La sortie des politiques d’assouplissement quantitatif – cette gigantesque création monétaire destinée à masquer l’effondrement financier de 2008 – promet d’être ravageuse. Hong Kong vient d’être contrainte d’intervenir pour défendre sa monnaie, le dollar de Hong Kong maintenu après l’annexion de la colonie britannique par le Chine communiste, et pour endiguer la fuite de ses capitaux. La « région administrative spéciale » devient la première victime de la hausse du dollar américain sur le marché des taux interbancaires pratiqués à Londres, le Libor, référence du marché des devises, suite au resserrement monétaire américain que la Fed devrait accentuer dans les mois à venir. Hong Kong se prépare à vendre des obligations d’Etat pour évacuer des liquidités, augmentant la peur d’un resserrement du crédit et d’une correction des marchés « qui pourrait engendrer un effet dominos », avertit Ambrose Evans-Pritchard, analyste écouté du Daily Telegraph. Une véritable bombe financière et immobilière à l’échelle mondiale.

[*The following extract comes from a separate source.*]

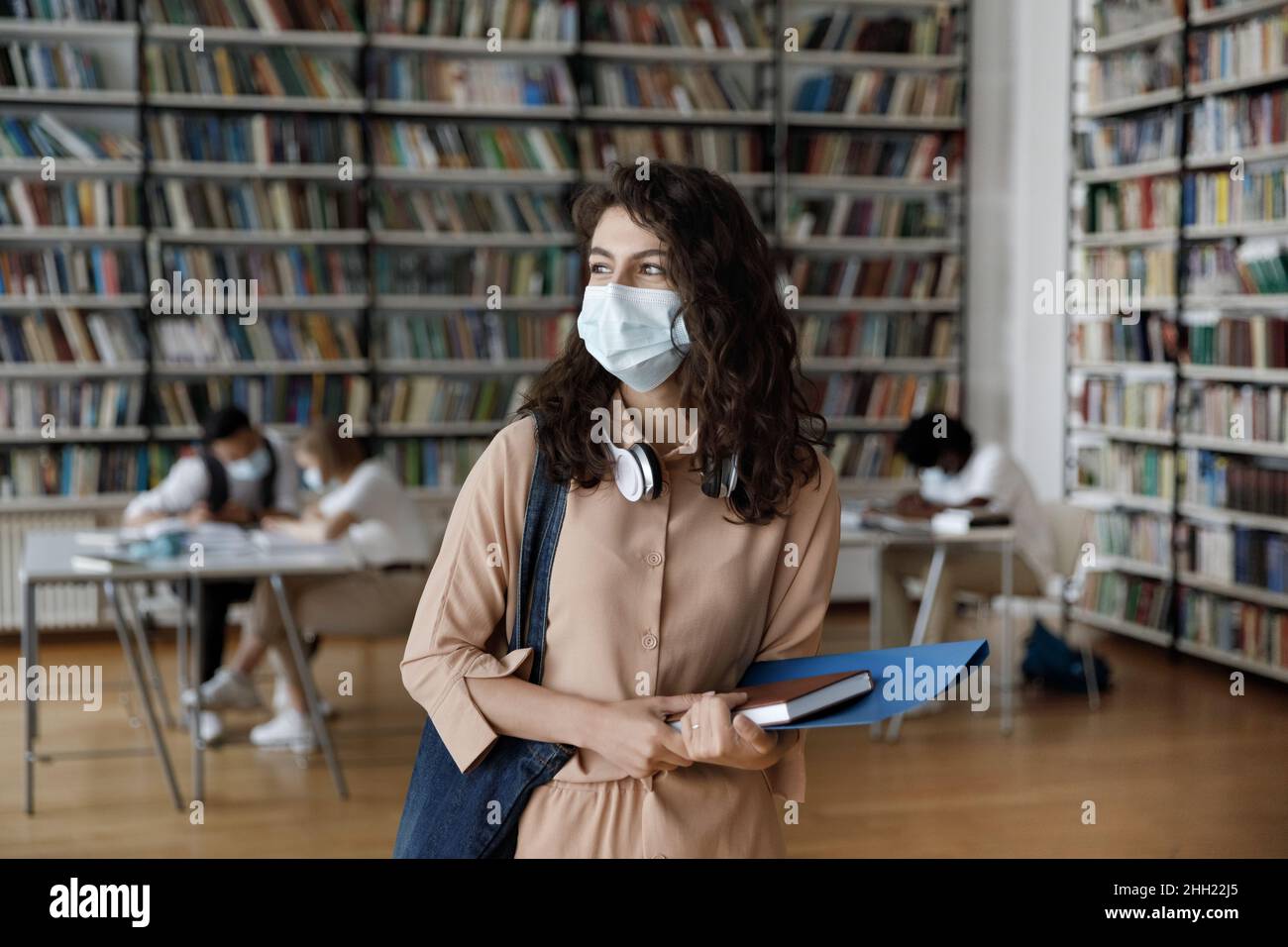 Sorridente ispanica femmina studente in maschera medica protettiva visita pubblico Foto Stock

Hong Kong, bombe financière allumée suite au resserrement monétaire de la Fed par la hausse des taux
Pour Francis Chan, analyste chez Bloomberg, « le dollar de Hong Kong est à son niveau le plus bas depuis 33 ans, ce qui présente un risque élevé de fuite des capitaux ». La métropole asiatique est une bombe financière allumée par le resserrement monétaire qui se profile, car elle est surendettée et très liée aux décisions de la Fed américaine. Une hausse rapide des coûts d’emprunt pourrait assécher le boom immobilier spectaculaire de Hong Kong et révéler la fragilité de ses engagements auprès des compagnies chinoises surendettées. Le ratio cours-bénéfices du marché hongkongais immobilier affiche un record historique de 19. Le précédent plus-haut, à la veille de la crise asiatique de 1998, était de 14. La crise de 1998 avait vu un effondrement de 60 % des prix de l’immobilier à Hong Kong. L’acmé de la bulle hongkongaise actuelle pourrait être le mystérieux achat en décembre de deux appartements sur le Mont Nicholson, très prisé des milliardaires de Shanghaï, pour 200 millions de dollars US.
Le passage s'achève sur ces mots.